Degree of freedom: 4711


In [10]:
# Compute critical value: t-test, two samples
t_crit = stats.t.ppf(0.975,df=DF)
print("Critical value:",t_crit)

Critical value: 1.96046767176


In [11]:
# Compute margin of error:
margin = t_crit * SE
print("Margin of error:",margin)

Margin of error: 0.0152620581617


In [12]:
# Compute 95% confidence interval: t-test, two samples
CI_95 = [diff_w_b_mean-margin,diff_w_b_mean+margin]
print("95% Confidence interval:",CI_95)

95% Confidence interval: [0.016770796693321634, 0.047294913016799521]


In [13]:
# Compute the t-score associated to the t-test
t_score = diff_w_b_mean/SE
print("t-score:",t_score)

t-score: 4.11473837355


In [14]:
# Compute p-value associated with t-test:
p_val = stats.t.sf(t_score,df=DF)*2
print("p-value:",p_val)

p-value: 3.94238662022e-05


In [15]:
# Verification:
stats.ttest_ind(w_call,b_call,equal_var=False)

Ttest_indResult(statistic=4.1147052908617514, pvalue=3.9429415136459352e-05)

**Analysis**: The p-value is very small. Therefore, we reject the null hypothesis. In conclusion, there is a significant difference in callback rate between name types. In addition, we can also reach the same conclusion by inspecting the confidence interval. Indeed, the value 0.0 is not contained in the 99% confidence interval.

# Question 4, 5

In addition to the purely statistical meaning of our test, we can concluded that when considering only name sounding, the population of black applicants do not receive callback as much often as the population of white applicants. This statement cannot serve as the final conclusion of our analysis. Indeed, the data set provided for this analysis contains several other features that can be used. If we were to pursue this analysis, we would try to prove that race is a key feature when comparing the callback rate.
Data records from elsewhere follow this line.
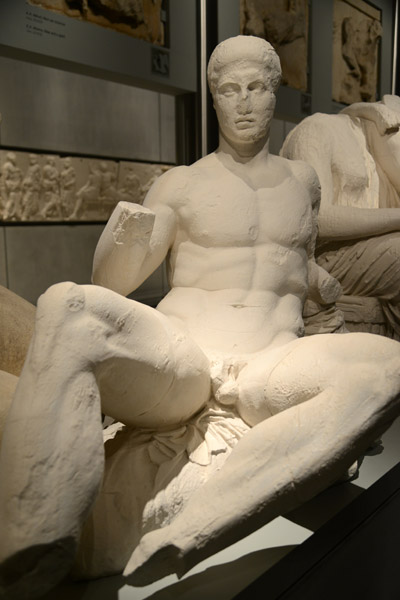 Dionysos, Parthenon east pediment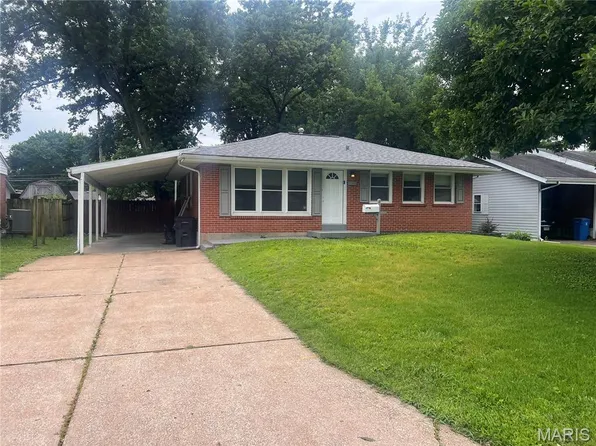 740 Crowder Dr, Florissant, MO 63031
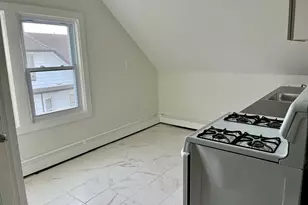 2449 North Ave, Bridgeport, CT 06604 - Photo 6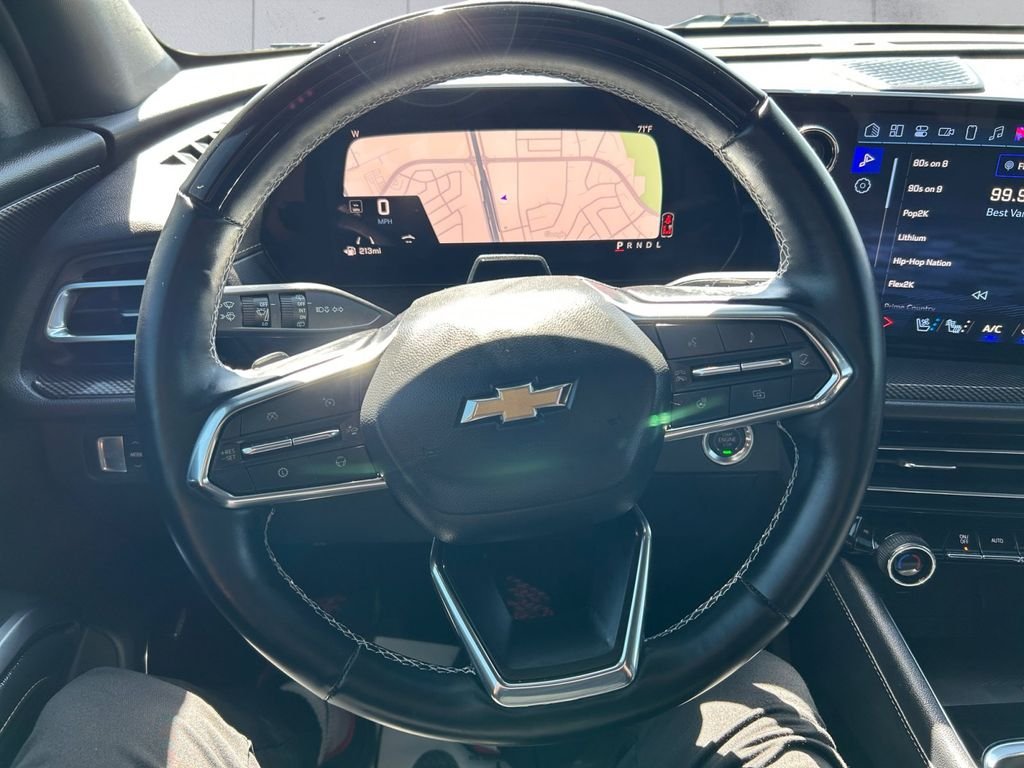 Used 2025 Blue Chevrolet High Country image 9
For instance, we would group applicants by category (age, degrees, experience, industry) and repeat this analysis. Our assumption is that we would still find statistically significant difference between the callback rate but this time, the results would be more specific. These could then be used to target industries and employeers who show statistical difference in callback rate and create/modify the law to protect the equality between applicants no matter their races.

# Experimentation with $\chi^2$-Test

Instead of separating the dataset into two groups based on name-sounding, we will now directly perform a $\chi^2$ test. To do so, we first need to generate a contingency table.

In [16]:
# Contigency table for chi-square test
contingency_table = pd.crosstab(data.race,data.call)
contingency_table.columns = ['No_call','Call']
contingency_table.index = ['Black','White']
contingency_table

Unnamed: 0,No_call,Call
Black,2278,157
White,2200,235


We will now perform a $\chi^2$-test with the following hypotheses:
  
**Null hypothesis**: Ho -> The two features are independent.
**Alternative hypothesis**: Ha -> The two features are statistically dependent.

In [17]:
chi2,p,dof,expected = stats.chi2_contingency(contingency_table)
print('p-value:',p)

p-value: 4.99757838996e-05


With a very low p-value, we can reject the null hypothesis and validate the alternative hypothesis. The conclusion remains valid, the callback rate is correlated with the name-type.